* _AIM OF THE TASK_:
Reproduce the listing below word for word.

* _EXTRACTED MATERIAL_:
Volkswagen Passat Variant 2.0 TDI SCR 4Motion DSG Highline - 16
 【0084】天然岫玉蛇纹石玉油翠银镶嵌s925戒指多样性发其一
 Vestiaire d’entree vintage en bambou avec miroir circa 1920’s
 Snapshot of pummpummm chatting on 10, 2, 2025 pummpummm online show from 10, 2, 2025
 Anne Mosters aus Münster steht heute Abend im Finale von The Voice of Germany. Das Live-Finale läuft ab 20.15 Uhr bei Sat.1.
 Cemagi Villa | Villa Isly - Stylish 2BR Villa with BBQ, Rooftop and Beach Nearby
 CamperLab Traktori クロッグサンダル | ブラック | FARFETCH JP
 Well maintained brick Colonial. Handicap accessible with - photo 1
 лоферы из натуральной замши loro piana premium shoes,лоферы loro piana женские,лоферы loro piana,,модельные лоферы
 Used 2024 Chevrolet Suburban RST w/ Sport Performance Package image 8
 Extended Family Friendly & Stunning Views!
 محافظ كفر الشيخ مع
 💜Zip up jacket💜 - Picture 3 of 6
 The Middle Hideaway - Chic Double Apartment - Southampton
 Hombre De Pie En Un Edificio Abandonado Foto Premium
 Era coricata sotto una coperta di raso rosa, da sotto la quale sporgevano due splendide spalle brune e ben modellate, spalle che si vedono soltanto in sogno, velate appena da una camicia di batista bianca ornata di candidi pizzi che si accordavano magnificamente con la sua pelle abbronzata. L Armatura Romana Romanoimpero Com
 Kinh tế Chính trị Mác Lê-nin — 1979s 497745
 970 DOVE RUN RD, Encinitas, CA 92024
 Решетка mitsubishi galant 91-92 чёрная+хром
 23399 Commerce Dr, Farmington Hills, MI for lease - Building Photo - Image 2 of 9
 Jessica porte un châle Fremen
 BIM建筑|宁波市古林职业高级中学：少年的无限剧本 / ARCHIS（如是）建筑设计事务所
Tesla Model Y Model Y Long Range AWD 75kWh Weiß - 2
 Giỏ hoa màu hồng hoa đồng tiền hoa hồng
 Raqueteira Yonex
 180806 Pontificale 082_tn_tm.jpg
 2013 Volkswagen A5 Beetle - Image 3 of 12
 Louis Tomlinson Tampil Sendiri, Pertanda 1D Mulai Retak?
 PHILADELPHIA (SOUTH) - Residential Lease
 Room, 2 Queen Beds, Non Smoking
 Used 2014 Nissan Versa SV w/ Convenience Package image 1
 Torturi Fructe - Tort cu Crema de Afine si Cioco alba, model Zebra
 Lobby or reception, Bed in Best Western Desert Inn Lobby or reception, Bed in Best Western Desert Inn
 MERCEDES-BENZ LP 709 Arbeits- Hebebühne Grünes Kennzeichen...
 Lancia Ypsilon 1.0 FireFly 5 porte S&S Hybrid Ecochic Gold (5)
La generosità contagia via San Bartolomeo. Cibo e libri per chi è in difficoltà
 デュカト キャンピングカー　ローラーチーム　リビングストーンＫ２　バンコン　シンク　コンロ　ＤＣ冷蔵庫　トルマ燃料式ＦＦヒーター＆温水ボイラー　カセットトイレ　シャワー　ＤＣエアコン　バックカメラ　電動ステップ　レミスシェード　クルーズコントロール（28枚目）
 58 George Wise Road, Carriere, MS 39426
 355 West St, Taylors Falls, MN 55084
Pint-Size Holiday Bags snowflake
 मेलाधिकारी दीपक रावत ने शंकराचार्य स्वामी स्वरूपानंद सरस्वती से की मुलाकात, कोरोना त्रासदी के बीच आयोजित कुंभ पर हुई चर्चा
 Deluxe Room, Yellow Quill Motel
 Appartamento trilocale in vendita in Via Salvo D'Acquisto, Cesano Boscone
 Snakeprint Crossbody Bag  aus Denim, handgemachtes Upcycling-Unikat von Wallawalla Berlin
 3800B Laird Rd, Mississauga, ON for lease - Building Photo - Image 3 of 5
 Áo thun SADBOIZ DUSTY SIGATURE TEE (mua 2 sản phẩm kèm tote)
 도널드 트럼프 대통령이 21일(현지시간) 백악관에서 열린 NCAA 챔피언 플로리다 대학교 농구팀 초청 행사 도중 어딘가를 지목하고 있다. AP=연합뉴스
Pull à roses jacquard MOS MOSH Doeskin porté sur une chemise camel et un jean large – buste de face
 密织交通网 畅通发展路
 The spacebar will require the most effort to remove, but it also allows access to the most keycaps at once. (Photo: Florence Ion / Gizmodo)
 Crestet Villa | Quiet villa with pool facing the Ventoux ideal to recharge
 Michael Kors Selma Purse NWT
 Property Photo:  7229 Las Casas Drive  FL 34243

* _SOLVED PROBLEM_:
Volkswagen Passat Variant 2.0 TDI SCR 4Motion DSG Highline - 16
 【0084】天然岫玉蛇纹石玉油翠银镶嵌s925戒指多样性发其一
 Vestiaire d’entree vintage en bambou avec miroir circa 1920’s
 Snapshot of pummpummm chatting on 10, 2, 2025 pummpummm online show from 10, 2, 2025
 Anne Mosters aus Münster steht heute Abend im Finale von The Voice of Germany. Das Live-Finale läuft ab 20.15 Uhr bei Sat.1.
 Cemagi Villa | Villa Isly - Stylish 2BR Villa with BBQ, Rooftop and Beach Nearby
 CamperLab Traktori クロッグサンダル | ブラック | FARFETCH JP
 Well maintained brick Colonial. Handicap accessible with - photo 1
 лоферы из натуральной замши loro piana premium shoes,лоферы loro piana женские,лоферы loro piana,,модельные лоферы
 Used 2024 Chevrolet Suburban RST w/ Sport Performance Package image 8
 Extended Family Friendly & Stunning Views!
 محافظ كفر الشيخ مع
 💜Zip up jacket💜 - Picture 3 of 6
 The Middle Hideaway - Chic Double Apartment - Southampton
 Hombre De Pie En Un Edificio Abandonado Foto Premium
 Era coricata sotto una coperta di raso rosa, da sotto la quale sporgevano due splendide spalle brune e ben modellate, spalle che si vedono soltanto in sogno, velate appena da una camicia di batista bianca ornata di candidi pizzi che si accordavano magnificamente con la sua pelle abbronzata. L Armatura Romana Romanoimpero Com
 Kinh tế Chính trị Mác Lê-nin — 1979s 497745
 970 DOVE RUN RD, Encinitas, CA 92024
 Решетка mitsubishi galant 91-92 чёрная+хром
 23399 Commerce Dr, Farmington Hills, MI for lease - Building Photo - Image 2 of 9
 Jessica porte un châle Fremen
 BIM建筑|宁波市古林职业高级中学：少年的无限剧本 / ARCHIS（如是）建筑设计事务所
Tesla Model Y Model Y Long Range AWD 75kWh Weiß - 2
 Giỏ hoa màu hồng hoa đồng tiền hoa hồng
 Raqueteira Yonex
 180806 Pontificale 082_tn_tm.jpg
 2013 Volkswagen A5 Beetle - Image 3 of 12
 Louis Tomlinson Tampil Sendiri, Pertanda 1D Mulai Retak?
 PHILADELPHIA (SOUTH) - Residential Lease
 Room, 2 Queen Beds, Non Smoking
 Used 2014 Nissan Versa SV w/ Convenience Package image 1
 Torturi Fructe - Tort cu Crema de Afine si Cioco alba, model Zebra
 Lobby or reception, Bed in Best Western Desert Inn Lobby or reception, Bed in Best Western Desert Inn
 MERCEDES-BENZ LP 709 Arbeits- Hebebühne Grünes Kennzeichen...
 Lancia Ypsilon 1.0 FireFly 5 porte S&S Hybrid Ecochic Gold (5)
La generosità contagia via San Bartolomeo. Cibo e libri per chi è in difficoltà
 デュカト キャンピングカー　ローラーチーム　リビングストーンＫ２　バンコン　シンク　コンロ　ＤＣ冷蔵庫　トルマ燃料式ＦＦヒーター＆温水ボイラー　カセットトイレ　シャワー　ＤＣエアコン　バックカメラ　電動ステップ　レミスシェード　クルーズコントロール（28枚目）
 58 George Wise Road, Carriere, MS 39426
 355 West St, Taylors Falls, MN 55084
Pint-Size Holiday Bags snowflake
 मेलाधिकारी दीपक रावत ने शंकराचार्य स्वामी स्वरूपानंद सरस्वती से की मुलाकात, कोरोना त्रासदी के बीच आयोजित कुंभ पर हुई चर्चा
 Deluxe Room, Yellow Quill Motel
 Appartamento trilocale in vendita in Via Salvo D'Acquisto, Cesano Boscone
 Snakeprint Crossbody Bag  aus Denim, handgemachtes Upcycling-Unikat von Wallawalla Berlin
 3800B Laird Rd, Mississauga, ON for lease - Building Photo - Image 3 of 5
 Áo thun SADBOIZ DUSTY SIGATURE TEE (mua 2 sản phẩm kèm tote)
 도널드 트럼프 대통령이 21일(현지시간) 백악관에서 열린 NCAA 챔피언 플로리다 대학교 농구팀 초청 행사 도중 어딘가를 지목하고 있다. AP=연합뉴스
Pull à roses jacquard MOS MOSH Doeskin porté sur une chemise camel et un jean large – buste de face
 密织交通网 畅通发展路
 The spacebar will require the most effort to remove, but it also allows access to the most keycaps at once. (Photo: Florence Ion / Gizmodo)
 Crestet Villa | Quiet villa with pool facing the Ventoux ideal to recharge
 Michael Kors Selma Purse NWT
 Property Photo:  7229 Las Casas Drive  FL 34243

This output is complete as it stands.